Mass Deployment Tool User's Guide

7
2.3.2 Inzetprofielen exporteren
Aangepaste implementaties maken en exporteren om deze vervolgens te gebruiken om meerdere apparaten te
beheren.
1. Zorg dat de apparatenlijst alle gewenste apparaten bevat.

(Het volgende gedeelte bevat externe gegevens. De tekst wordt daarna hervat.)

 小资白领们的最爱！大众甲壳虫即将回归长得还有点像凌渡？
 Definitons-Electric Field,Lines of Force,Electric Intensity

Voeg, indien nodig, meer apparaten toe.
2. Klik op en selecteer Profiel exporteren... of Profiel exporteren (met wachtwoord)...
Als u Profiel exporteren... selecteert terwijl een of meer doelapparaten met een wachtwoord zijn beveiligd,
wordt u medegedeeld dat het profiel wordt opgeslagen zonder versleuteling.
Klik op OK om verder te gaan of klik op Annuleren om terug te keren en selecteer Profiel exporteren
(met wachtwoord)…
3. Selecteer de doelmap, geef de bestandsnaam op en klik vervolgens op de knop Opslaan.
Als daarnaar gevraagd wordt, voert u het wachtwoord in en klikt u op de knop OK.
4. De toepassing exporteert het bestand en slaat het op in de CSV-indeling.
2.4 De Setting File Editor openen
De instellingenbestanden uit de back-up aanpassen.
1. Klik op en selecteer Setting File Editor openen.
Om problemen met het openen van de Setting File Editor te voorkomen mogen de bestanden
MassDeploymentTool.exe en SettingFileEditor.exe niet uit de installatiemap zijn verwijderd.
Zie 6 De Setting File Editor voor meer informatie.
2.5 Bestanden verzenden
Als u specifieke bestanden (PJL-, DJF-, PRN-bestanden) wilt verzenden of instellingenbestanden (DPK-, EDPK-,
JSON-bestanden) wilt implementeren voor het beheer van meerdere doelapparaten, gaat u als volgt te werk:
(Zie 5.3 JSON-bestanden maken voor meer informatie over het maken van instellingenbestanden.)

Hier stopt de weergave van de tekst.